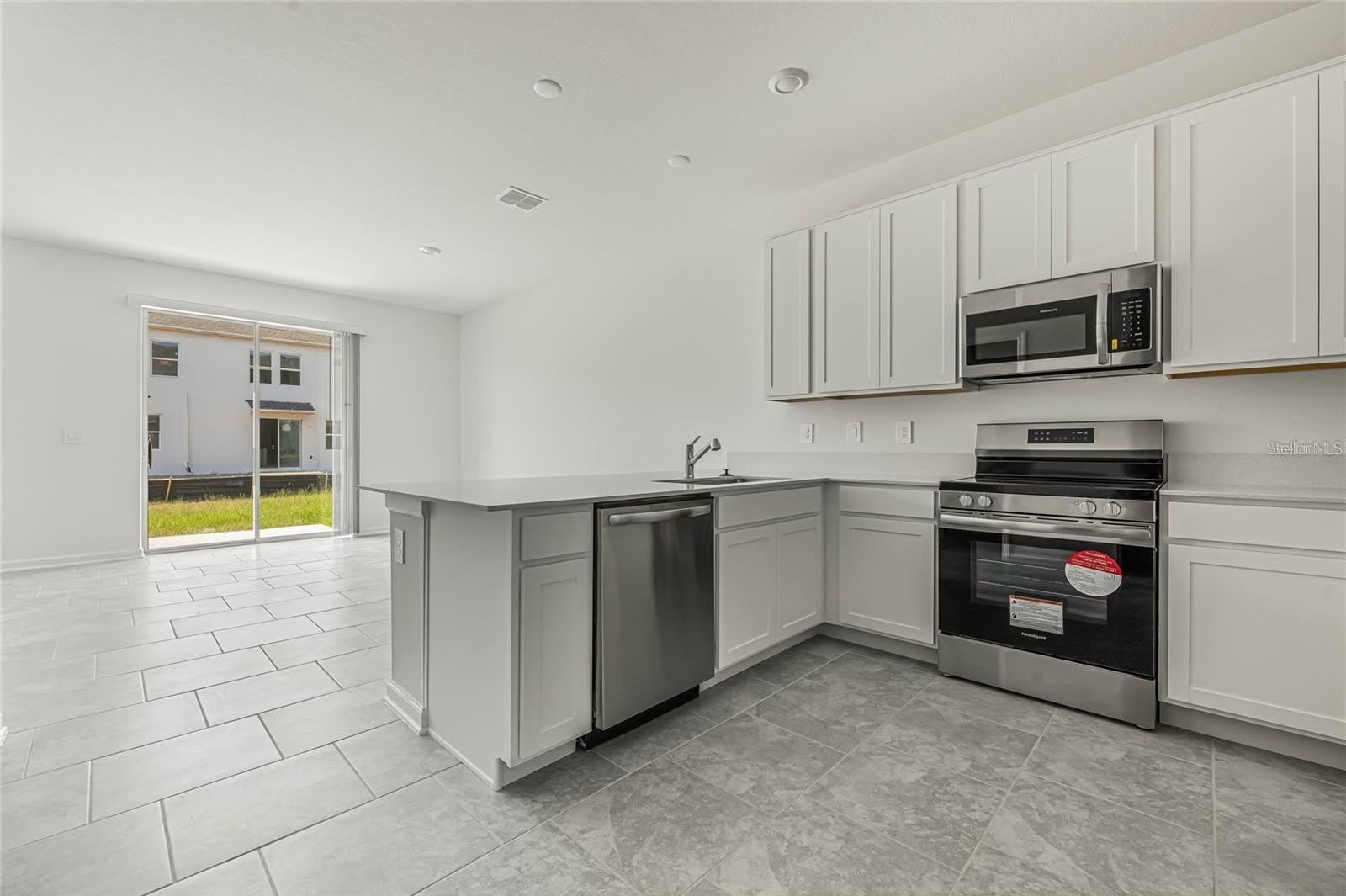 3286 LAURENT Loop – photo 1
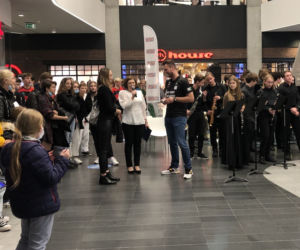 Mistrzowie grają do jednej bramki dla Pawła Parczewskiego – Galeria Warmińska 28 października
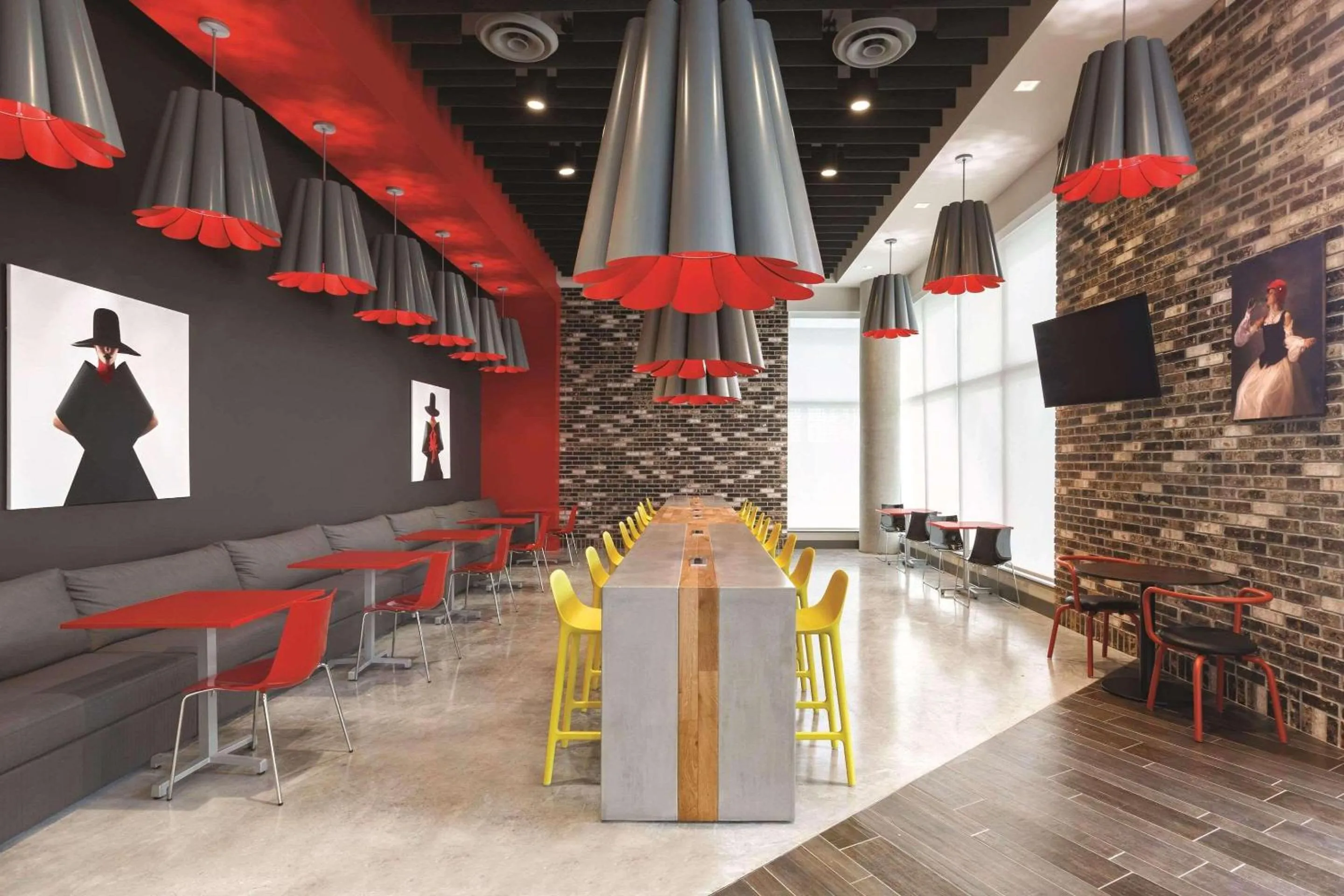 Restaurant/places to eat in Radisson RED Miami Airport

*Assignment*.
Your copy should run from the line that has "Mistrzowie grają do" through the last line above, exactly, with both ends in and pictures out.

*Solution to the problem*.
 Mistrzowie grają do jednej bramki dla Pawła Parczewskiego – Galeria Warmińska 28 października
 Restaurant/places to eat in Radisson RED Miami Airport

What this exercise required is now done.